Thexder was kind of a big deal when it first came out in Japan, selling a trillion or some odd copies of its various iterations, before arriving stateside in NES and PC format among others, where it went on to sell another trillion. I actually played the PC version; I remember installing the 50 or so 5 ¼ floppies and having a go. I remember being suitably impressed.
This time ‘round, however; I was not impressed. Because Thexder’s greatest appeal is that you get to play a transforming robot.
Seriously, that’s the sell. And back in ’85, that was good enough. Just pulling off the transformation and letting loose the laser cannon was more than enough cool factor to keep you playing – who had seen anything like it before?

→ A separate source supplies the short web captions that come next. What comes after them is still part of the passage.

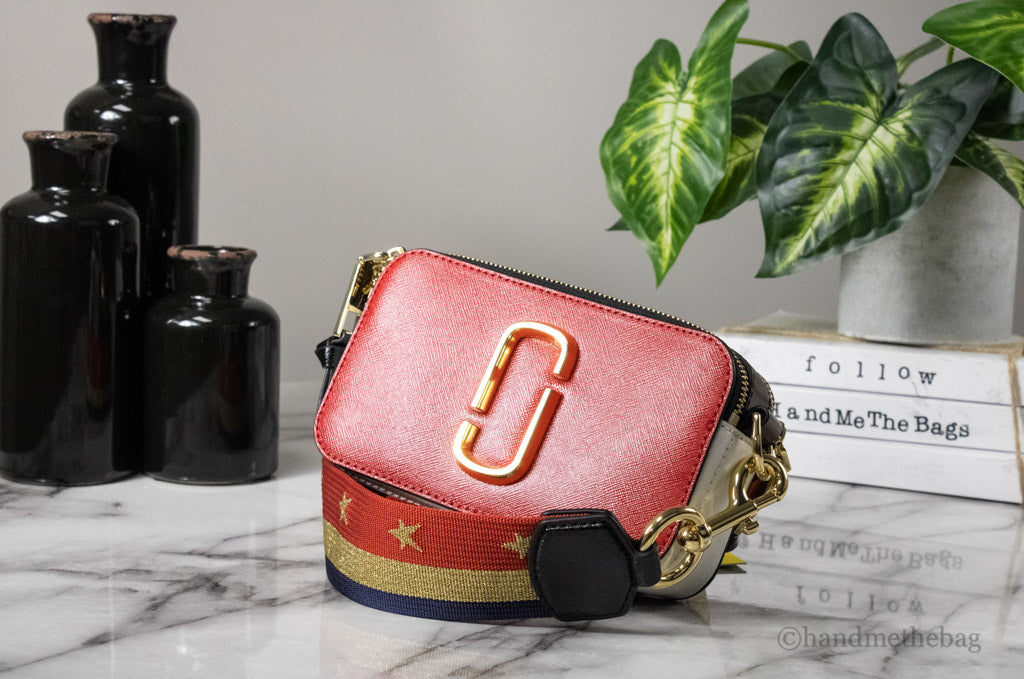 marc jacobs the americana snapshot crossbody on marble table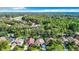 Aerial view showcasing a neighborhood with lush green trees and houses at 9083 Quail Creek Dr, Tampa, FL 33647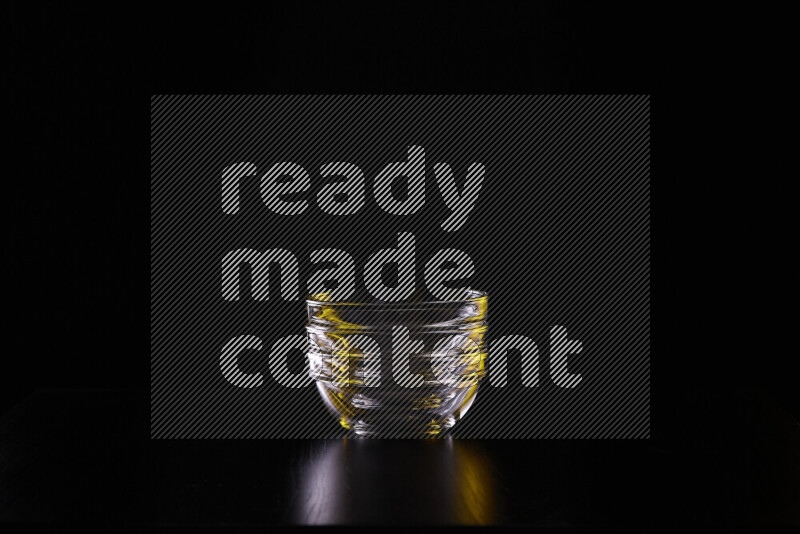 Glassware with rim light in yellow and white against black background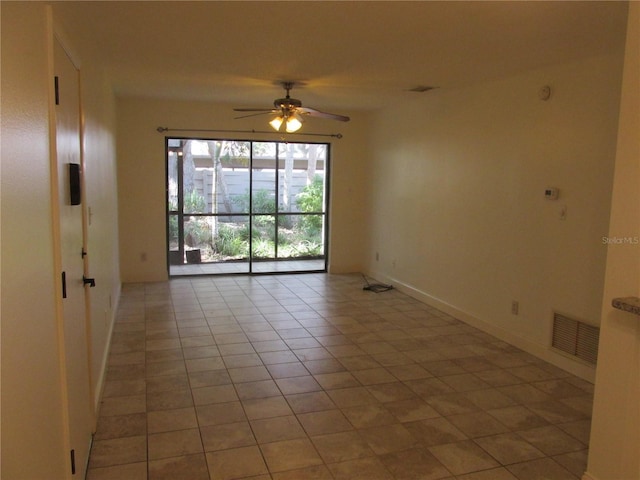 empty room with ceiling fan and light tile patterned floors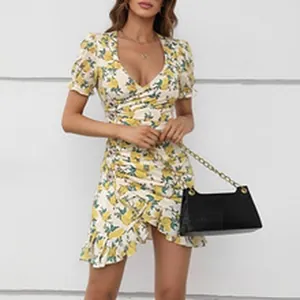 Detail of a floral V-neck spring dress with short sleeves and asymmetrical ruffled hem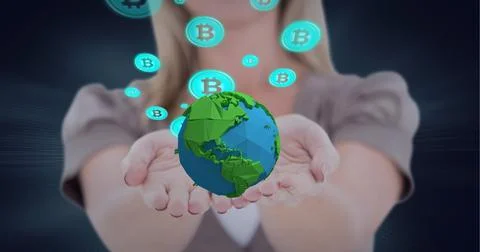 Composition of network of digital bitcoin icons with globe over hand of 스톡 사진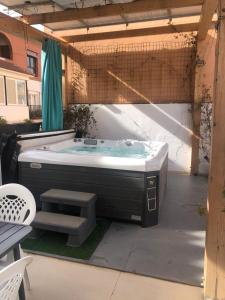 a hot tub sitting in an outdoor patio at Beautiful Five bedroom three bathroom entire Villa in Málaga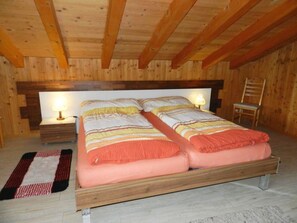 A double bed with a wooden frame in a room with wooden walls and ceiling.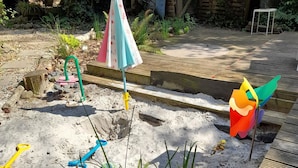 Et sandlegeområde med en skovl, en spand og en vindmølle.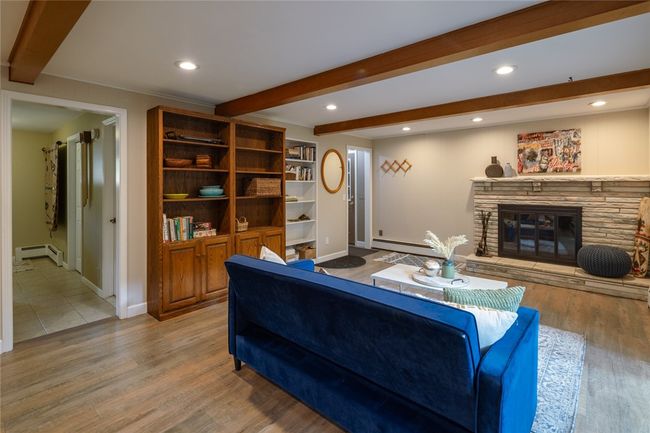 family room with wood burning fireplace, built ins and wood beam ceiling Slider to the flagstone patio | Image 12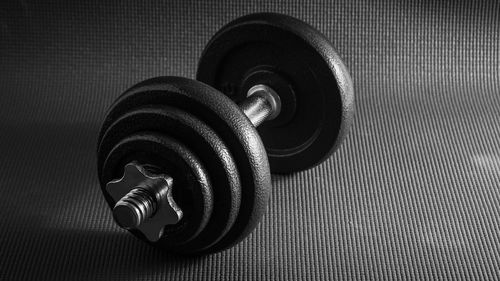 High angle view of dumbbells on floor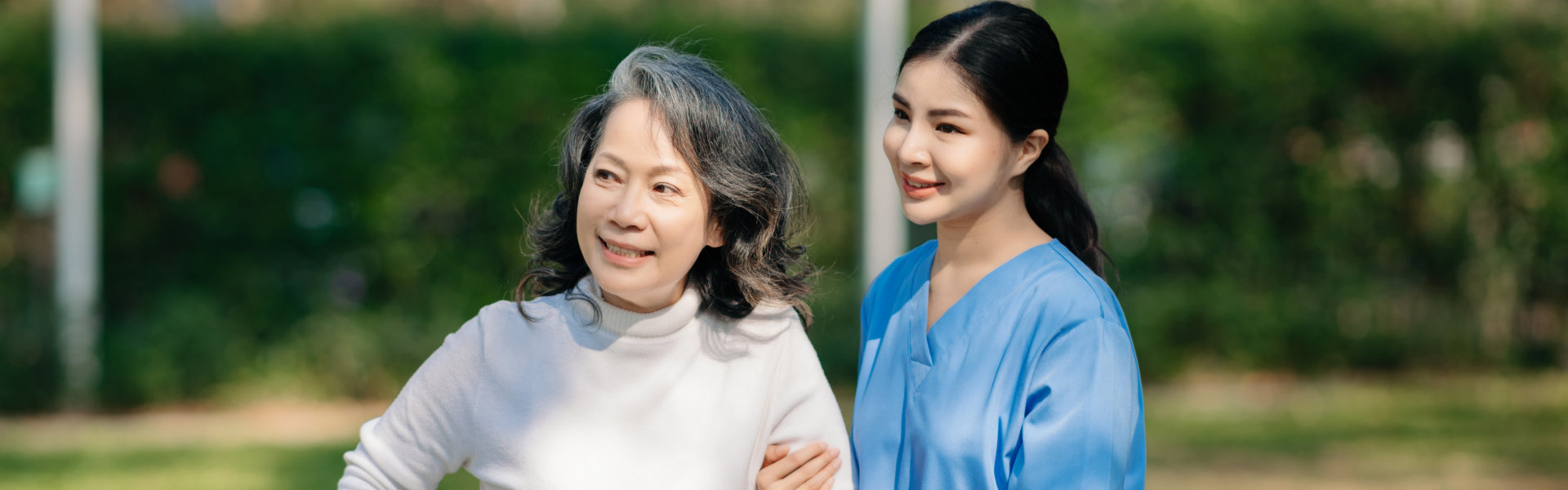 caregiver assessing the elderly woman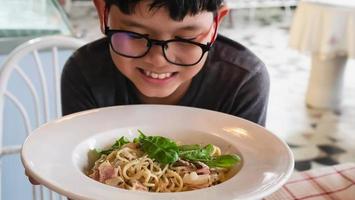 ragazzo felice mangiare spaghetti alla carbonara ricetta - la gente si diverte con il famoso concetto di cibo piatto italiano foto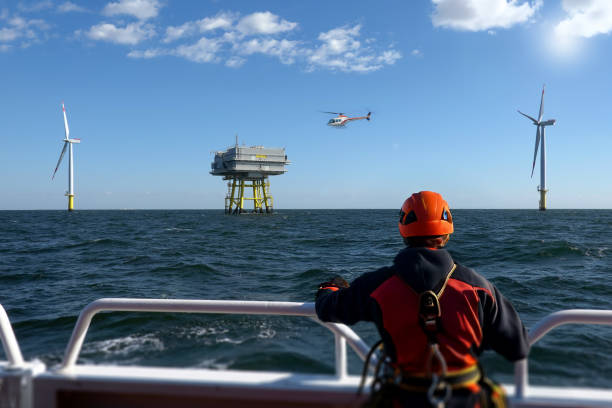 A worker in safety gear on the deck of a boat oversees an offshore wind farm. In the background, two wind turbines and a service platform can be seen. A helicopter flies in the sky, providing transportation to the turbines. The photograph captures the challenging working conditions in the energy sector and the efforts towards sustainability.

By now, we’ve seen a lot of games like it, and any one of those games (any Macross game, for example) is a lot more engaging. Thexder’s gameplay is exceedingly rudimentary: as a Gundam-esque robot, you run – mostly rightward – keeping your finger on the fire button, blasting waves of colourful shapes. That’s probably the best way to describe the enemies.
Enemies come at you fast, but luckily your laser beam has homing capabilities, so you needn’t even aim to bring them down. Being successful is more a function of edging forward gradually enough to bring the enemies onto the screen slowly enough for the beam to melt the bad guys before they reach your face.
Where Thexder remains unique, even today, is that all of this shooting occurs in a sort of maze, where some corridors are more narrow than others. It is in these tight spots where transforming to plane mode with the touch of a button, is useful to keep it moving – but at no other time. And that’s because once you change to plane mode, your craft won’t stop its forward motion (unless you turn around completely!). Which of course, goes directly contrary to Thexder’s Number One Rule for Success: which is to avoid barrelling forward.
If you’re interested in playing the original for nostalgia’s sake, or just because you favour the far uglier graphics, you need to know that the original Thexder is difficult. It only has ten levels, but it’s hard going by virtue of the fact that enemies absorb a lot of laser beam fire before falling, meaning they’ll be in your face draining your energy quite a bit. This is exacerbated by the fact that this is one of those games where just moving around drains your energy. THIS, in turn is exacerbated by the fact that this is one of those games where just SHOOTING drains your energy. Thankfully, the NEO version has an easier mode, which features the same enemies, but with less vitality.
And what update would be complete without exploring online multiplayer? I really wanted to test this mode, and I tried to. But the result was perhaps more telling than it would have been had I been successful – nobody was online playing this game! And... perhaps nobody offline is playing it either.